=== ABOUT THIS EXERCISE ===
Every line below between the line holding "xôi sáng Ngồi" and the line holding "Venetian Chest Of", inclusive, should be repeated exactly, and all other lines omitted.

=== DATA UNDER STUDY ===
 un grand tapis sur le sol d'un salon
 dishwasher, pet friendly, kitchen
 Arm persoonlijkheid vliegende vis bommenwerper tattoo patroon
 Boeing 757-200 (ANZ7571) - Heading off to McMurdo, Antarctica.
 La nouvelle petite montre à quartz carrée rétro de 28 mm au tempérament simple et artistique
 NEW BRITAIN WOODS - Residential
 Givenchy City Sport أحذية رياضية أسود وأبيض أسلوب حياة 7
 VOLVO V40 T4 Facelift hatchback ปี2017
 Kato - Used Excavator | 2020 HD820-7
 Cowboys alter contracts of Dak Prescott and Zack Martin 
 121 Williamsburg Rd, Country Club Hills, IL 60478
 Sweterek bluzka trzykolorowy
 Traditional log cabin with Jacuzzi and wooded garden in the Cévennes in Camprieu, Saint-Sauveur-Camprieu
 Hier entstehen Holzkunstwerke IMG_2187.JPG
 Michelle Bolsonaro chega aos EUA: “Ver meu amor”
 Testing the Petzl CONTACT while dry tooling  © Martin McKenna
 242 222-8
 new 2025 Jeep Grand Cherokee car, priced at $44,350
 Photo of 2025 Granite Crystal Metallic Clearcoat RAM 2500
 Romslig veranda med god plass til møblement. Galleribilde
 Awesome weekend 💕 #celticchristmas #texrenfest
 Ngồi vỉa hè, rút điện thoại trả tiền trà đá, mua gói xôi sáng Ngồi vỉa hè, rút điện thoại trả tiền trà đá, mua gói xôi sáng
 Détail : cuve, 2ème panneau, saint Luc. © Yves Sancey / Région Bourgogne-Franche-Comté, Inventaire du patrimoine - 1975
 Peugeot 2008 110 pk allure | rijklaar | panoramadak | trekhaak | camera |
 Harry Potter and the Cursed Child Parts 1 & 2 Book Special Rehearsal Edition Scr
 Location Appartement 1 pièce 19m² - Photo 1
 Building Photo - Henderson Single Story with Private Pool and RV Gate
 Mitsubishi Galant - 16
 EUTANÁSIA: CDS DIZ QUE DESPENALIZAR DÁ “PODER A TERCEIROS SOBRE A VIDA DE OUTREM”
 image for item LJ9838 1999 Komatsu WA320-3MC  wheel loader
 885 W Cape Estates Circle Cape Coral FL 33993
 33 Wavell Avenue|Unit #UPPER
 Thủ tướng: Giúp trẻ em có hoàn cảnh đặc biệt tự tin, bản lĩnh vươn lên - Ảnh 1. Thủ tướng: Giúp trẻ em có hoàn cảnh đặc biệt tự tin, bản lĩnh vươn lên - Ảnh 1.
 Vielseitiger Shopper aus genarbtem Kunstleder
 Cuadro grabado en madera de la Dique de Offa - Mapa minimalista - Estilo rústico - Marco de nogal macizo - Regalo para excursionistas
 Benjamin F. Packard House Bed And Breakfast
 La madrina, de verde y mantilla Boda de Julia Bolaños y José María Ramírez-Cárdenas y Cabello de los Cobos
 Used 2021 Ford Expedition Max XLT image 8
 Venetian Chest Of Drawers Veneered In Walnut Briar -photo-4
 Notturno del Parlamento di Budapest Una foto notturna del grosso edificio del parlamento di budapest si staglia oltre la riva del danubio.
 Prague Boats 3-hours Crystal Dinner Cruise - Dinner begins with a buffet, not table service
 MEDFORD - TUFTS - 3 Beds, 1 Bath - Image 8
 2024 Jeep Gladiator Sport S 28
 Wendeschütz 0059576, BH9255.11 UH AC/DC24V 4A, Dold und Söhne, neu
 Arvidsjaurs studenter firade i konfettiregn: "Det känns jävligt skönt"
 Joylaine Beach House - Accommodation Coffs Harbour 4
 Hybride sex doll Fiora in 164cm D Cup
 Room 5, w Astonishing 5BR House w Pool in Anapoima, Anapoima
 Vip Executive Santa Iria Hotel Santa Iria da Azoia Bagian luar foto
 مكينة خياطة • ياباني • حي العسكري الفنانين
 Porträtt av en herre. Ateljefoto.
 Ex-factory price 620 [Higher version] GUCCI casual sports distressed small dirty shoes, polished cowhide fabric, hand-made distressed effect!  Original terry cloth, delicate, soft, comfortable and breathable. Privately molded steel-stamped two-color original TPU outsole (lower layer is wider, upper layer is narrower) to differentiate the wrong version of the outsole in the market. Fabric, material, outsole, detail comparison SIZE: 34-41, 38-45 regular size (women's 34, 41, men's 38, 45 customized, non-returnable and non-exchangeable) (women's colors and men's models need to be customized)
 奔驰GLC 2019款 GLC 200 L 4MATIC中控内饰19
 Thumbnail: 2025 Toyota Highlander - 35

=== ANSWER SECTION ===
 Ngồi vỉa hè, rút điện thoại trả tiền trà đá, mua gói xôi sáng Ngồi vỉa hè, rút điện thoại trả tiền trà đá, mua gói xôi sáng
 Détail : cuve, 2ème panneau, saint Luc. © Yves Sancey / Région Bourgogne-Franche-Comté, Inventaire du patrimoine - 1975
 Peugeot 2008 110 pk allure | rijklaar | panoramadak | trekhaak | camera |
 Harry Potter and the Cursed Child Parts 1 & 2 Book Special Rehearsal Edition Scr
 Location Appartement 1 pièce 19m² - Photo 1
 Building Photo - Henderson Single Story with Private Pool and RV Gate
 Mitsubishi Galant - 16
 EUTANÁSIA: CDS DIZ QUE DESPENALIZAR DÁ “PODER A TERCEIROS SOBRE A VIDA DE OUTREM”
 image for item LJ9838 1999 Komatsu WA320-3MC  wheel loader
 885 W Cape Estates Circle Cape Coral FL 33993
 33 Wavell Avenue|Unit #UPPER
 Thủ tướng: Giúp trẻ em có hoàn cảnh đặc biệt tự tin, bản lĩnh vươn lên - Ảnh 1. Thủ tướng: Giúp trẻ em có hoàn cảnh đặc biệt tự tin, bản lĩnh vươn lên - Ảnh 1.
 Vielseitiger Shopper aus genarbtem Kunstleder
 Cuadro grabado en madera de la Dique de Offa - Mapa minimalista - Estilo rústico - Marco de nogal macizo - Regalo para excursionistas
 Benjamin F. Packard House Bed And Breakfast
 La madrina, de verde y mantilla Boda de Julia Bolaños y José María Ramírez-Cárdenas y Cabello de los Cobos
 Used 2021 Ford Expedition Max XLT image 8
 Venetian Chest Of Drawers Veneered In Walnut Briar -photo-4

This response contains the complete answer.